Hey Everyone New to the World of Nissan but very Excited with my car

I purchased a 1995 240sx SE Coupe

I just really need some advice and guidence on the car.

What should I do to mod this car ? Should I get a Sr20DET ? With My car do I get a blacktop/redtop and are these engines a direct replacement meaning I do not have to mod anything like engine/tranny mounts ? 

What Im going for is a good looking car with some power behind it. This car will be my everyday driver with the occaisional time where I want to let a Honda see nothing but my Tailights

Are the Sr Swaps reliable enough to get a weekend pounding and then back to the daily driver for work ?

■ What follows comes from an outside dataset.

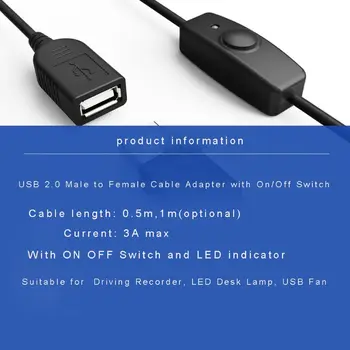 Duomenų USB 2.0 Extender Laidas USB prailginimo Kabelis Su ON OFF Jungiklis, LED Indikatorius, Aviečių Pi PC USB Ventiliatorius LED Lempa USB Įkroviklis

Any help/suggestions/Ideas are more then welcome Guys

Thanks :cheers:


----------



## vsp3c (May 15, 2003)

search


----------



## AlexAtMyNismo (Apr 16, 2004)

Honestly bro, the answers to your questions aren't that simple to just be given to you...... Takes a lot of time and learning, takes patience, takes time... To give you a comparartive analogy, it's kinda like being a voter....if you vote in elections and are uniformed, then you will be easily swayed into making a decision that you might regret... Make sure that you know all peaks and perks of both engine (sr vs. ka), and then go from there..... Consider things like reliability, amount of hp per dollar spent, availability of parts, etc... So don't make an uneducated decision, spend time learning....trust me, there is a lot to learn... I have already owned an S13 (89 coupe), and also have had a 95 with a redtop..... been there, done that kinda deal.... take care bro and good luck... happy researchin....

-Alex B.


----------



## 240_Newbie (Jun 14, 2004)

Yea what Im sure of is that there is a ton of info to learn about the 240's I was just mainly wondering of the reliability of the sr20det. It definetly is my plans to convert hopefully this year but maybe next. 

anyone have any good links where I can get some good info ?

I googled it but have not found 2 much in the way of good info so far

Thanks
Gord


----------



## Nismo14-180 (Mar 31, 2004)

HeavyThrottle.com has SR20 specs posted.


----------



## 240_Newbie (Jun 14, 2004)

Thanks Nismo Ill check that out


----------